Hyper-storage technology is a unified, multi-petabyte, ultra-high-performance solution, providing very high IOPS and Throughput and very low response times. The concept behind hyper-storage is to deliver software so smart that it can beat the strongest hardware in real life workloads. It is not built on brute force, but on brains. Optimised mass paralleled utilisation instead of unnecessary expensive hardware and machine learning instead of guessing and wasting important resources. Using every component’s merits while avoiding its flaws to achieve maximum efficiency in every second.

The world is heading fast towards data analytics and machine learning concepts across all kinds of technologies, it’s time that the storage world recognise and adopt it as well. The writing is already on the wall. Look for instance at the search engines we all know and what came to pass with those who took these technologies to the next level and with those who did not. Think of who was where 20 years ago, and who is where today. 

The same applies to storage. Every single IO needs to be identified, documented, analysed and learned from to improve the next one, and the next one, and the next one. Analysing all kinds of IO patterns and improving them over time is the basis of storage machine learning. The first level of this technology is embedding this automated mechanism in every system on its own, learning the workload patterns running on top of it and improving service dramatically over time. 

The second level, and the most interesting one, is to take all these patterns from all the systems in the world, merge them into a single place, cross learning from it to constantly improve and optimise the machine learning algorithms. Measuring and analysing cache hits and cache misses, learning and changing methods of data placement, improving pre-fetch mechanisms by learning their effectiveness, re-organising data to improve accessibility and many other learnable IO patterns were just waiting for these unlimited improvements. 
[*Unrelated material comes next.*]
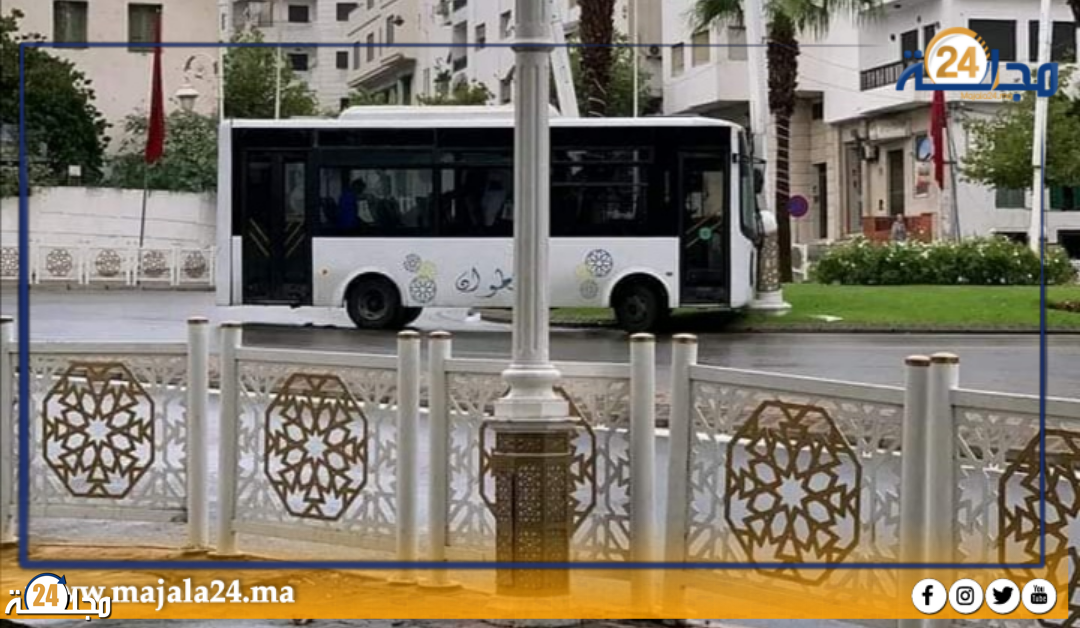 تطوان… اصطدام حافلة النقل العمومي فيتاليس بعمود كهربائي داخل مدارة ( إيسو )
Utilising every pattern differently and providing it with the best dedicated service that suits it specifically, allows this smart architecture to serve all kinds of IO patterns, no matter what they are, in the same system. Many different kinds of workloads can run together on the same platform and each and every one of them will be served exactly, no more no less, according to its needs. One storage fits all.

Redundancy over redundancy

Hyper-storage is using many other technologies to maximise performance and availability. Let’s start by putting this on the table, the concept of physical RAID groups is dead. But for some inexplicable reason lots of storage vendors are still using it vastly. It is inefficient to say the least, creating limited resiliency coupling software and hardware together for no reason. Long rebuild processes are initiated with every drive failure. Processes that have a dramatic impact on performance, expose systems to data loss and create enormous pain points for every storage manager in the world. The same applies for ongoing performance. 

Coupling logical entities, such as LUNs and FSs, with a dedicated set of hardware components is limiting to say the least. As said, this is a thing of the past. The advanced hyper-storage mechanism is based on creating a massive amount of block level logical protection groups, completely decoupled from the hardware. It provides extremely high performing processes, running in mass parallelism on all components simultaneously in a completely balanced form.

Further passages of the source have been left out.